If you do not think dialectically, you are at the mercy of any trick they pull. They are working it all around the world today — the dialectic thrust and then retreat. They surge in Iraq. We send troops to Lebanon. They retreat, then thrust at Berlin. We react and they smile, and send over the mass murderer Khrushchev breathing smiles and peace one minute and Communist propaganda and threats of nuclear destruction the next.... Words do not mean to a Communist what they mean to you and me. This is a carry-over from the Aesopian language of the revolutionary in Czarist days. When a Communist says he wants peace he means he wants Communism. When he says he wants “peaceful coexistence” he means he wants no outward violence while he bores from within and conquers you by treason and subversion.

Koch warned that American institutions were honeycombed with communist subversives, from labor unions and tax-free foundations to universities and churches. Art and newsprint, radio and television — all these media had been transmuted into vehicles of communist propaganda. Koch declared unflinchingly that the United Nations was a tool of the communists:

The United Nations … has been a rotten core of subversion. It is a haven for subversives and security risks. UNESCO has been spewing forth Communist and World government propaganda into our schools for years. The U.N. was conceived by the Russians during World War II as a device to continue collaboration with the United States which had proven so profitable to them. The argument that the U.N. is an instrument of peace is entirely fallacious. Is there any indication that since the U.N. has been in existence there is any less war than formerly? As a matter of fact there are more arms, hatred, threats, brush fires and threats of war than there have ever been.... The U.N. will undoubtedly be one of the most important tools for the Communist take-over of America.... Let us give Red China a seat in the U.N. — our seat!!!!

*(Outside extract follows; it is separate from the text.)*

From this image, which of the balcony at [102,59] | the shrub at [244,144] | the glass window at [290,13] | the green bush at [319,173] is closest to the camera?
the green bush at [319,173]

To fight the scourge of communism, Koch the businessman urged Americans to educate themselves about communism, to organize, and to act, never compromising their principles no matter how withering the rhetorical opposition. “Be scrupulous about your evidence and the rules of fair play before making a charge against any individual or group,” Koch warned. “You have helped Communism instead of hurting it when you have to retract.... The TRUTH and EXPOSURE are your most powerful weapons.”

To those too young to remember the Cold War, some of Fred Koch’s concerns may seem anachronistic. After all, goes received wisdom, the Soviet Union and Eastern Bloc collapsed without a shot being fired, and freedom is now breaking out the world over. Yet America is less free now than at any time in her history, excepting perhaps the extreme regimentation during World War II. While we are still a far cry from the Soviet Union of Stalin, Americans now seem willing to tolerate comprehensive attacks on our liberty carried out in the name of a war on terror. Where once helmeted storm troopers kicking in doors were tropes associated with totalitarianism, they are a commonplace nowadays on American soil — all in the name of a feckless war on drugs. Where America once took pride in a laissez-faire business climate, businessmen and consumers alike seem to positively embrace the growing ascendancy of the federal government, with its legions of bureaucrats and regulators, over every facet of the economy. From perverted full-body patdowns in our airports to our newly socialized medical system, Americans — large numbers of them, at any rate — seem eager to participate in a Gadarene rush into full-blown socialism of a sort that would have made the Stalins and Khrushchevs of yesteryear proud.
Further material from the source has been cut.